By Dr Hakeem Baba-Ahmed

“A canoe does not know who is the leader. When it turns over, everyone gets wet”. African proverb. t would seem like a whole year to the elections, but that would be the perception of people who look at ordinary calendars. Hardened politicians who know the value of time and the challenges of contesting elections will be thinking of the next few months as being decisive for success or failure. Complacency will be the biggest threat to parties who are serious about contesting for votes.

INEC will be getting nervous over electoral processes, particularly improvements in voting and collation facilities. Parties will be taking stock of strengths and weaknesses. Nigerians will be fully mobilised; minds will be more or less made up, until they are not, in the last few days of the hustling. Money will be watched as it grows. Above all, politicians will be stretched as predictions become slippery or daunting, but fairly certain. In spite of appearances, the 2027 election is too far to call. The last three years have been eventful. The last will be decisive.

Lets start with build-up and conduct of the elections themselves. Parties will hold primaries and conventions. Except for the APC, deciding candidates will be challenging for all other parties. Even APC will be spared only the disruptive influence of the presidential nomination. President Tinubu will be its candidate, strengthened and fortified by the army of powerful politicians his party had poached from other parties to boost his chances of a return. The choice of his running mate will cost him valuable support and new supporters from new fault lines. The optics suggest he will not proceed with VP Shettima.

This will please non-Muslim voters and the US lobby which appears to have found a strong foothold in Nigeria. Muslim clerics who campaigned for him and rank and file Muslims especially in the North who are not running away from bandits and insurgents will think he has turned his back on them. Between US’s rising profile in our internal affairs and Muslim clergy and voters, a large chunk of his support base will be severely squeezed. It could be made up in part by Christian votes in the North and the disposition of South East voters, the latter itself subject to the choice of ADC’s flag bearer.

APC governors and legislator candidates will find that being in APC is not enough to guarantee return or success. Voters could reject many of them over their records or association with Tinubu’s APC. They will have to campaign on many fronts, but first they have to survive bruising fights with a party that may or may not keep its words on automatic tickets for defectors and or the integrity of its loyalty to long serving, ambitious party members. The judiciary will have a field day deciding who will be candidates, eating up precious time to settle fixers, voters and party strongmen. Some will leave with their luggage for seemingly greener pastures, but they will find spaces to contest at great cost. APC’s candidates will have a tough time explaining the administration’s shortcomings in many parts of the country. Victories will cost a lot more than any other election.

What is left of the PDP is substantial in terms of the weight of its politicians and infrastructure, but it will need extensive re-make to survive without further damage and put up a fight worth the name. By April this year, many of its heavyweights would have to decide whether there are enough reasons to stay and fight, or migrate to APC to join a long queue as political refugees. Many may also decide to boost the numbers of the ADC, but this will largely depend on how the ADC handles the fallouts of its selection processes. Still, PDP could provide a last ditch location for feckless Nigerian politicians from both ADC and APC. In the event that APC sustains its alienating tactics in many parts of the North, its prospects may dip sufficiently to attract some heavyweights to the PDP and ADC.

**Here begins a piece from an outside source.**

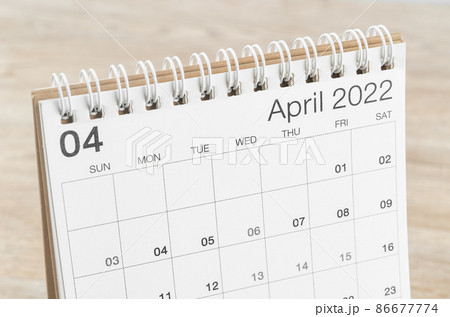 April 2022 desk calendar on wooden background. April 2022 desk calendar on wooden background. 86677774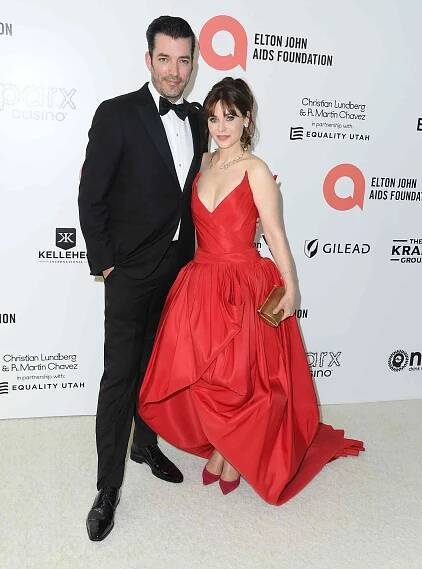 Jonathan Scott, Zooey Deschanel arrives at the Elton John AIDS Foundation's 30th Annual Academy Awards Viewing Party on March 27, 2022 in West Hollywood, California.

ADC sits between bright prospects and a disappointing end. It has little time to successfully address weighty issues that will make the difference between the two. Its biggest challenge is in deciding who gets its presidential ticket. Vice President Atiku will almost certainly win the ticket in open contest. There will be others who nurse the same ambition, and have not been engaged enough to consider options. A tremendous amount of work needs to be done by the most accomplished politician in the party, Atiku, to reduce damage and keep the party together as it confronts its most important challenge: to unseat Tinubu’s administration. Its task is intimidating.

It will have to successfully battle the demons that keep our democratic journey captive: personal ambition which dwarfs considerations of merit or interests of the party or the country; unspeakable quantities of money, mostly from public sources; regional, religious and ethnic elements that make no difference in qualities of governance, and the absence of organic linkages among politicians that can mitigate these limitations in periods of great stress. A handful of people in ADC now hold its destiny in their hands. How they relate, or, more specifically how they resolve personal ambitions in the context of real chances that they can defeat Tinubu will decide whether they lead a strong opposition, or they help lead Tinubu back to the Villa in March, 2027.

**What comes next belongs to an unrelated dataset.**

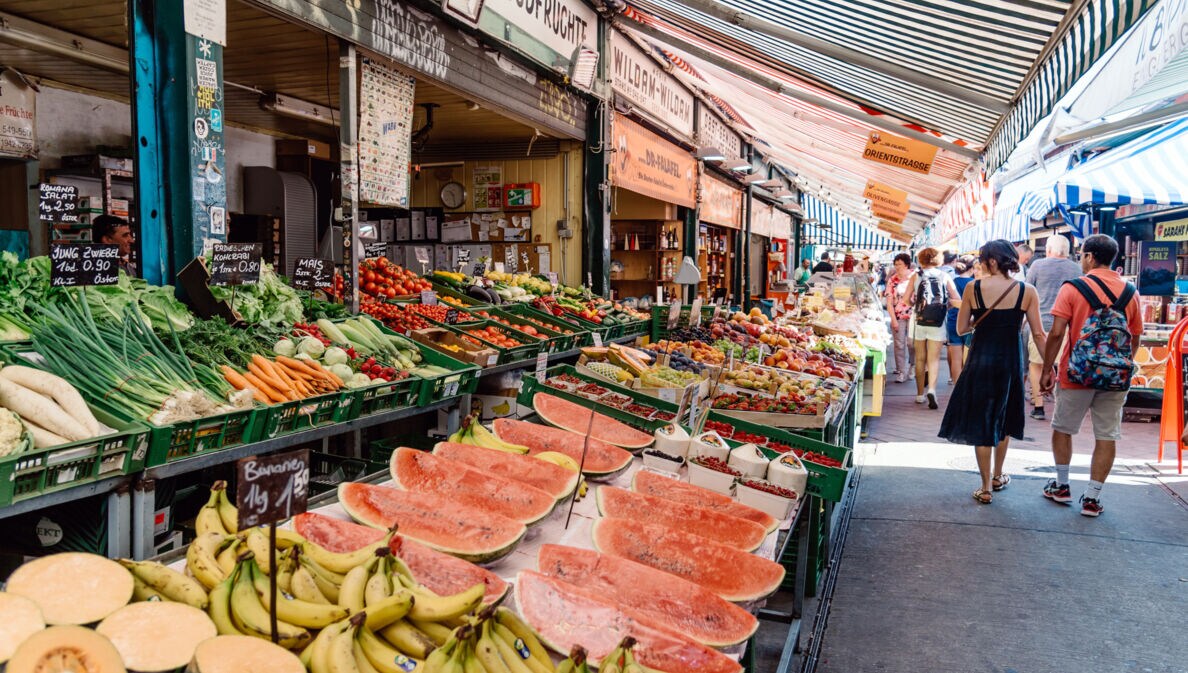 Personen auf einer Marktstraße mit Obst- und Gemüseauslagen.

There is yet another option that is not mentioned in popular discussions, but one that has good prospects to make a difference in the elections. This is the option of some sort of alliance among other parties to give Nigerians a a wider choice. This option suffers from two fundamental ailments in Nigerian politics: lack of huge amounts of money and credible politicians to trigger a popular change and anchor it to success. Yet this is precisely what the country needs at this stage: committed, honest politicians who seek to provide alternatives to leadership by politicians who have brought this country to its knees and still want support to do more. Smaller parties may trigger a major shift if they collaborate to provide a platform to get the power to give the poor respite from crushing poverty, insecurity and alienation from bad. If these parties plan to do more than go through another election as spectators, they should realize how little time they have left.

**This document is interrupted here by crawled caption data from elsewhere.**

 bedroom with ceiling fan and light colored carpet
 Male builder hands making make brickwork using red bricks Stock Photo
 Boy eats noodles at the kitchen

The 2027 elections could quite possibly be the most important election in the life of this country so far. Tinubu insists that his economic reforms are profound in their impacts in the long run, but they leave too many of the desperately poor at the mercy of all the negative effects of change. The focus on challenging economic reforms in the context of widening insecurity robs his administration of popular support that even N20,000 per vote on election day may not redeem.

Yet he and his party will not even contemplate a loss, such is the weight of their haul of office holders and frightening war chest. His opposition is fractured and fragmented, with politicians behaving in a manner which suggests that they believe there will be a free and fair election, APC will be rejected with the most minimum of efforts, and they will be the leaders the country has always wanted. There is a battle to be won and lost, but the warriors do not appear keen to fight.